= Natale Monferrato =

Italian Baroque composer

Natale Monferrato (1603–1685) was an Italian baroque composer. He was a pupil of Giovanni Rovetta, then was a singer at St Mark's Basilica in Venice, and then with the aid of Francesco Cavalli vicemaestro, or maestro di coro (1647–76). On 30 April 1676 he became director, after a competition with Giovanni Legrenzi, another of Rovetta's pupils, and Pietro Andrea Ziani. He was earlier maestro at the Mendicanti. He was the financial backer of the Venetian music publisher Giuseppe Sala.

Following his death the junior post of maestro di coro fell to Giandomenico Partenio (1685–89), then Antonino Biffi (1699–1730).

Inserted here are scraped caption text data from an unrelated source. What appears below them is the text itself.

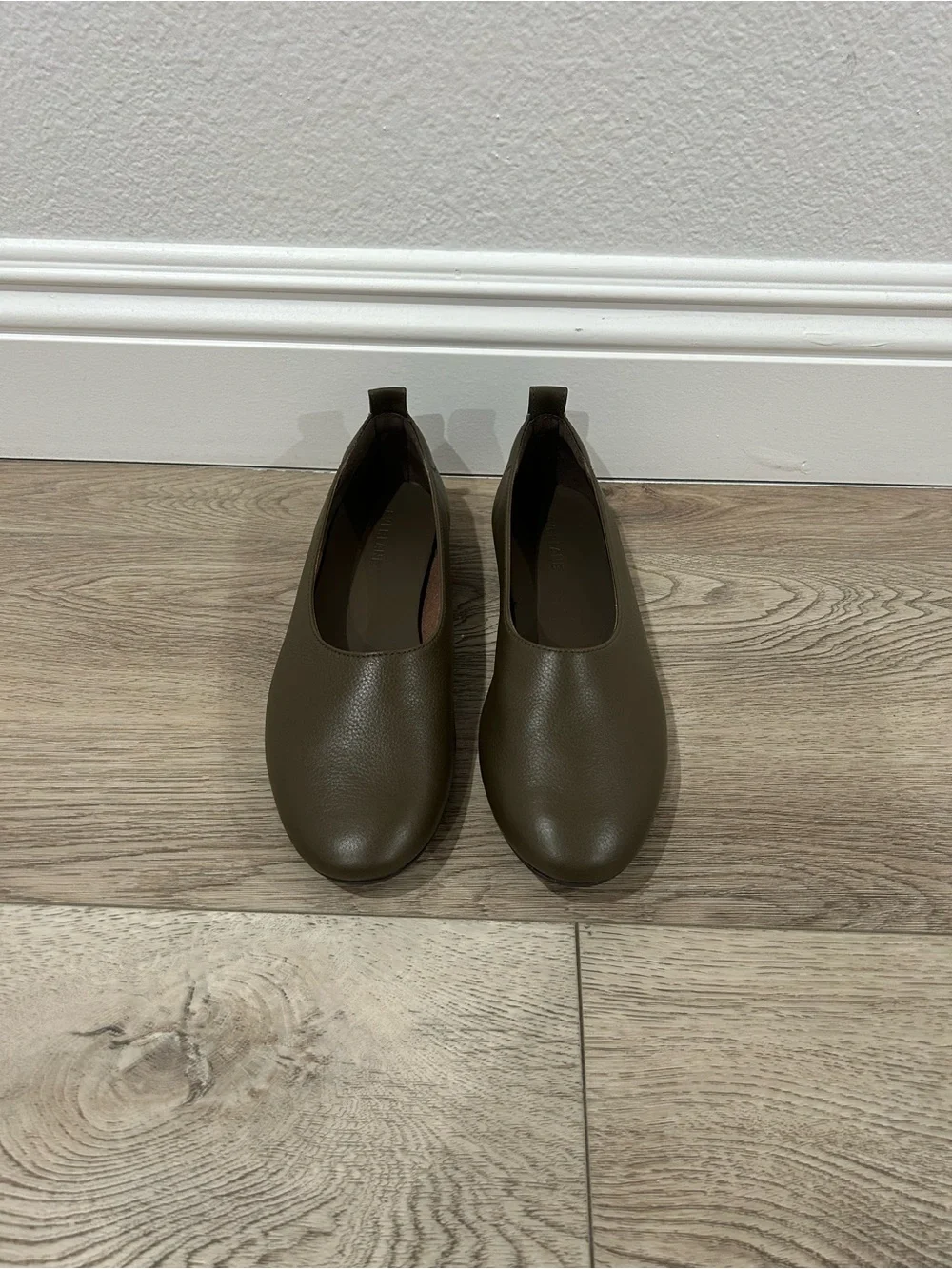 Everlane The Day Glove Flat - Picture 7 of 10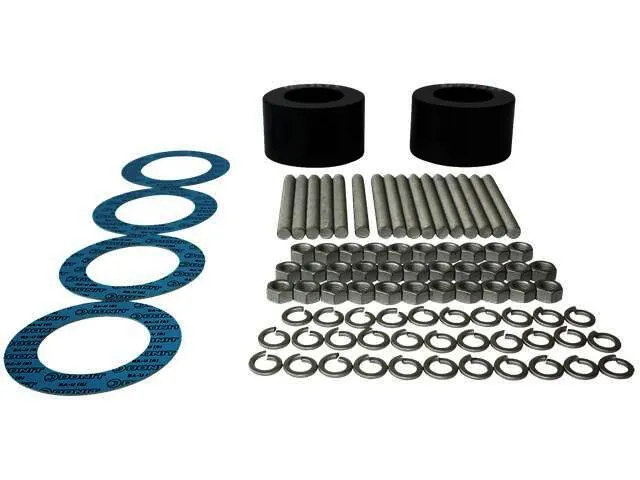 GRUNDFOS Zubehör für Umwälzpumpen Ausgleichsstücksatz DN80/DN80 165mm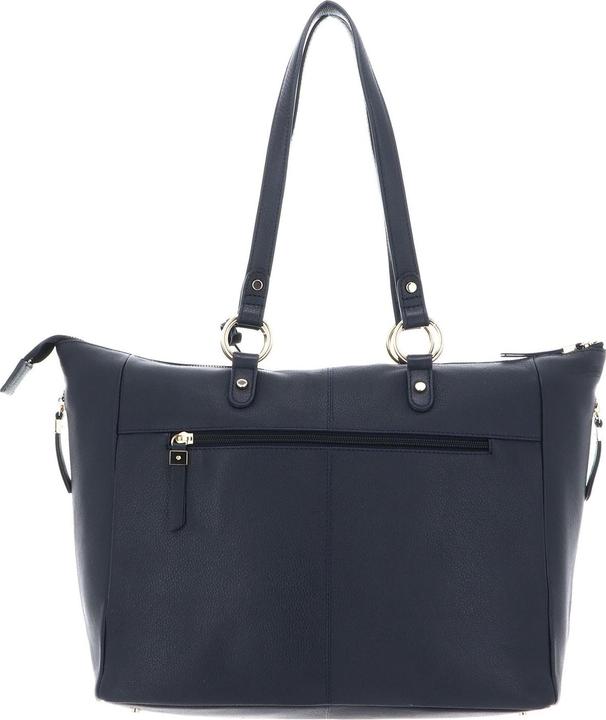 Produktbild Picard Java Shopper Tasche Leder 44 cm Laptopfach (17 l)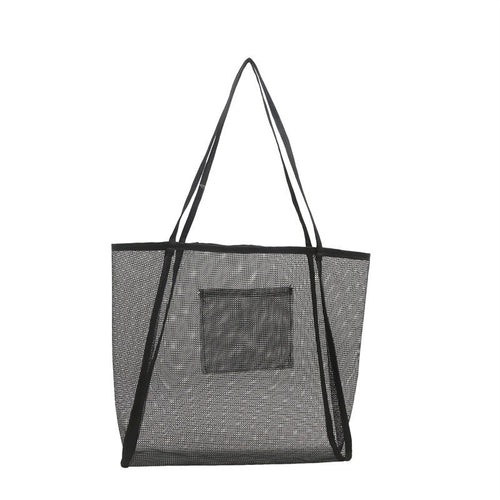 Netz-Shopper Bag Skanto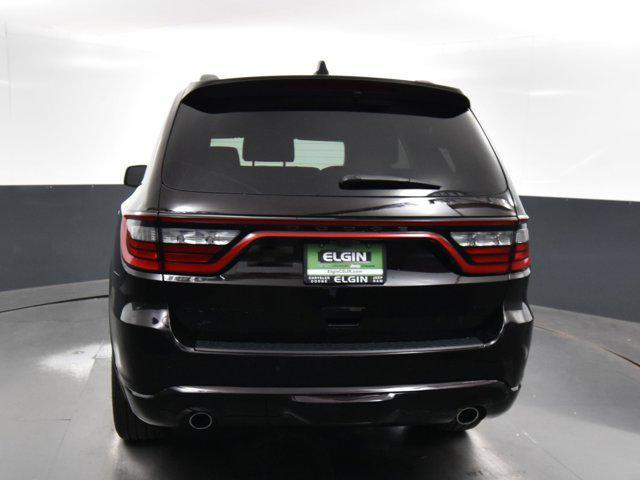 new 2024 Dodge Durango car, priced at $43,162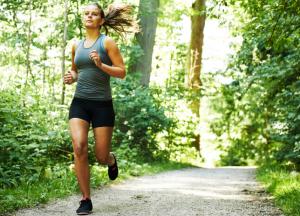 Чем полезен бег для здоровья женщин — польза или вред для фигуры и похудения польза бега для женщин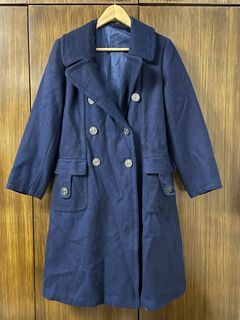 Winter Coat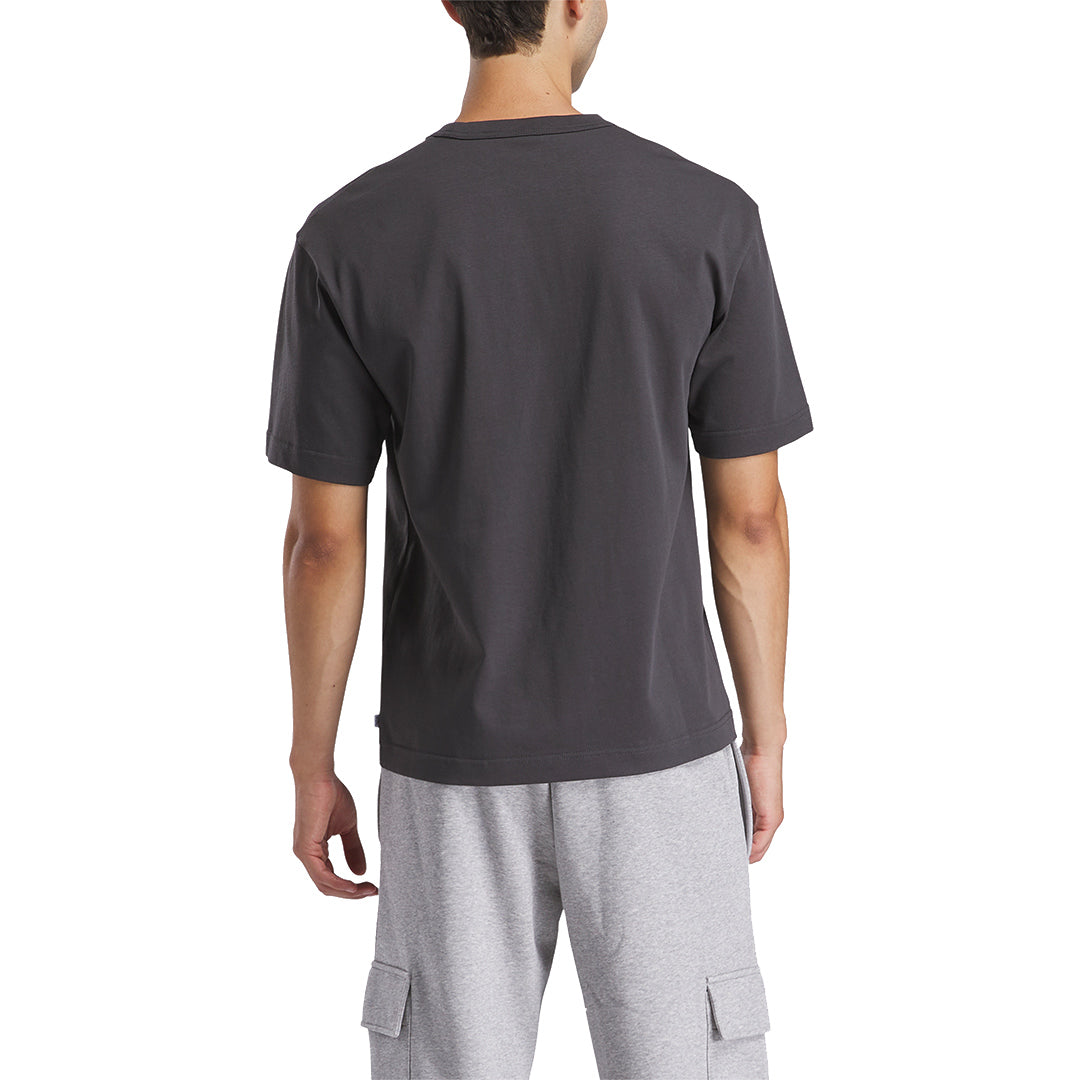 Reebok Men Graphic Series HS Shaquille Spiral Tee | 100218842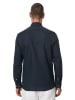 Marc O'Polo Button-Down-Hemd shaped in dark navy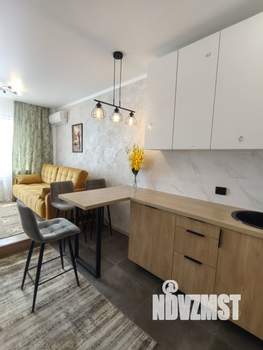 2-к квартира, вторичка, 47м2, 14/17 этаж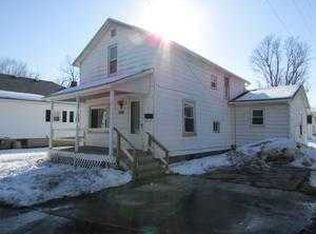 316 Ludlow Rd, Bellefontaine, OH 43311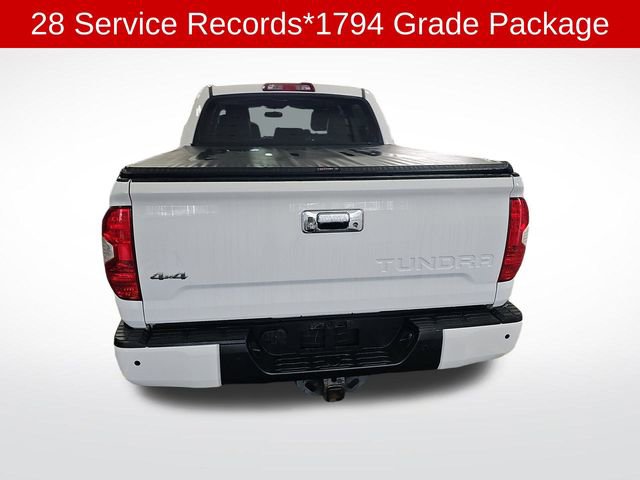 Used 2017 Toyota Tundra 1794 Edition image 5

==Works, editions and recordings==
- Edition: Alma redemptoris mater 1962 - 10 pages
- Edition: Natale Monferrato, Complete Masses, edited by Jonathan R. J. Drennan, Recent Researches in the Music of the Baroque Era, vol. 186 (Middleton, Wis.: A-R Editions, 2014)
- Recording: Alma redemptoris mater; Psalm. Carolyn Watkinson, Gonzaga Band, Chandos Classics, 2011.